For Netflix, in Q2, India was its No. 2 country in terms of paid net adds and No. 3 in terms of revenue percent growth, the streaming giant mentioned in its quarterly earnings. This was aided by big successful titles like Heeramandi: The Diamond Bazaar, which has 15 million views, and Amar Singh Chamkila with 8.3 million views — as well as licensed films such as Laapataa Ladies and Shaitaan.
In its earnings call, Theodore A. Sarandos, co-CEO, president & director, Netflix, said the product market fit is driving its ability to attract and retain members and monetize them.
“So I feel like what's going on in the quarter has been this ongoing build. We had this great show, Heeramandi. Sanjay Leela Bhansali is one of the most celebrated filmmakers in India, and he took on this incredibly ambitious series and brought it to screen on Netflix, directed every episode, and it's our biggest drama series to date in India. So on top of that, our original films and our license films are films in the pay TV window, immediately following theatrical, which continue to thrill our members,” he said.

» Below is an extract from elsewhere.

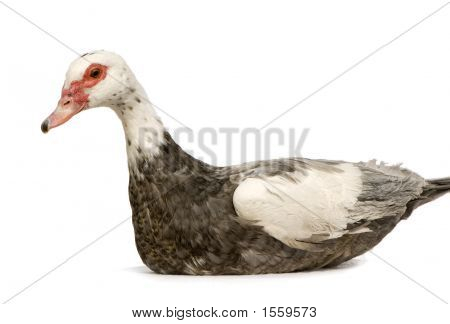 Moschusente Cairina moschata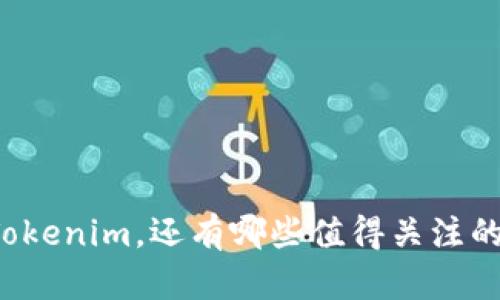 除了Tokenim，还有哪些值得关注的钱包？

Sarandos said there’s plenty of room to grow in India as long as Netflix keeps thrilling the audiences.
“So we pick them well, we program well. We improve the product market fit. We improve engagement, we grow members, we grow our revenue. It's the same formula, I think everywhere we go. I think India's growth is a story that we see around the world playing out very similarly,” he adds.
On Thursday, Netflix announced its second-quarter earnings, revealing an addition of 8 million subscribers, bringing its global subscription base to 278 million. The streaming giant reported a net income of $2.1 billion and revenue of $9.56 billion, marking a 17 percent increase compared to the same period last year. It now projected revenue growth of 14-15% for the year.
Greg Peters, co-chief executive, told investors on the earnings call, that there was an average of “two hours of viewing per member per day.”
In its forecast, the company projects a 14% revenue growth in Q3, anticipating fewer paid net additions compared to the same quarter last year, which experienced the first full-quarter impact of paid sharing. Average revenue per subscriber, meanwhile, will come in flat in the next quarter.
With regard to its advertising-supported tier, it now accounts for more than 45% of all sign-ups in 12 countries where it has been made available.